By William Sarradet
Sharing ideas with collaborators is just as important to an artist’s growth as time spent toiling away in the studio by one’s lonesome. Recently, SMU professors, alumni and staff showcased their collaborative work in a selection of locations around the Meadows Owen Arts Center.
The rules were simple: Participation was only for groups of two or more, and installation locations were on a first-come, first-served basis.
The idea was borne out of the SMU Division of Art’s responsibility to its students to create opportunities to foster interaction and exchange between the many art disciplines it houses. “It’s a way to get to know each other,” says Pollock Gallery Director Sofia Bastidas.
“I hope that through events like this the students can remember how important collaboration is in the arts and how we can experience art-making outside of the studio.”
Attendees saw work from more than 20 collaborators. Some professors created collaborative works within their classes, or combined efforts with other classes. Visiting Lecturer in Photography Jonathan Molina-Garcia and Assistant Professor of Digital and Hybrid Media Melanie Clemmons combined their classes (Introduction to Photography, and Virtual Reality) to create an interactive exhibit.
Another collaboration was between Travis Lurato (M.F.A. Art ’20) and Allison KLion. (They curated a table of homemade breads and spreads along with some fabric dye. The table was set to invite people to break bread together.
The blue lounge area in the Art Division featured a freezer full of ice cream by Xxavier Carter (M.F.A. ’19). Packed in individual small Mason jars, ice cream flavors included Hershey Cherry; Basil Cheese; Ginger Jameson; and more. The installation, which is still in place, is based on an honor system. People can select one of the many flavors of ice cream and pay via Venmo.

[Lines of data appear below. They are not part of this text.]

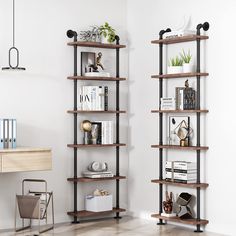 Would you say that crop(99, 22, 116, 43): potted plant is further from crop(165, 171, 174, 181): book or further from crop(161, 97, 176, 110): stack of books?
crop(165, 171, 174, 181): book

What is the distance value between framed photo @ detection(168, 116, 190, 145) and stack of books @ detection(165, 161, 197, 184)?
0.27 m

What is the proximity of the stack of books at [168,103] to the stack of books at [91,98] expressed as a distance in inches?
26.7

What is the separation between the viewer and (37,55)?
6.40 meters

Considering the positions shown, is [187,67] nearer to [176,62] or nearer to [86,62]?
[176,62]

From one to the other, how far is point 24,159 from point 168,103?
1.66 meters

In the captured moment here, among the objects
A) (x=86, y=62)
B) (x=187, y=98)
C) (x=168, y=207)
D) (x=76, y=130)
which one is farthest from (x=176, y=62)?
(x=168, y=207)

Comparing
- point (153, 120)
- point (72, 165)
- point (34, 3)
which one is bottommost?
point (72, 165)

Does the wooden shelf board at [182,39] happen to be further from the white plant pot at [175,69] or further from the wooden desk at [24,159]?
the wooden desk at [24,159]

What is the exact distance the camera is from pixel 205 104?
20.2 ft

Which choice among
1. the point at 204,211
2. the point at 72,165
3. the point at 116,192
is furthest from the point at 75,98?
the point at 204,211

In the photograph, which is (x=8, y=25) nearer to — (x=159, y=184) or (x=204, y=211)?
(x=159, y=184)

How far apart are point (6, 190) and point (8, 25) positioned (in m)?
1.68

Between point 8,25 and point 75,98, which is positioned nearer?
point 8,25

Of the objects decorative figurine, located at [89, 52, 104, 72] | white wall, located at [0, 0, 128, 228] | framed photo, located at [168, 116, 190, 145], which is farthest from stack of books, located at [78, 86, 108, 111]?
framed photo, located at [168, 116, 190, 145] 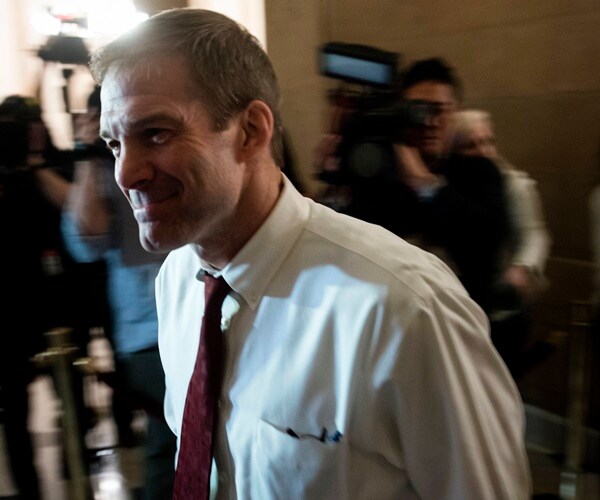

Collaboration among groups, whether between artists, students or curators, is how exhibitions come to be. This initiative opens that dialogue to the entire SMU community. In this way, it is a unique combination of elements found in group shows, without any administrative oversight.
“The Collabo show was playful and enriching,” says Bastidas. “It exposed the audiences, staff and faculty to art outside of the classroom, and gave us the opportunity to visualize new forms of creating.”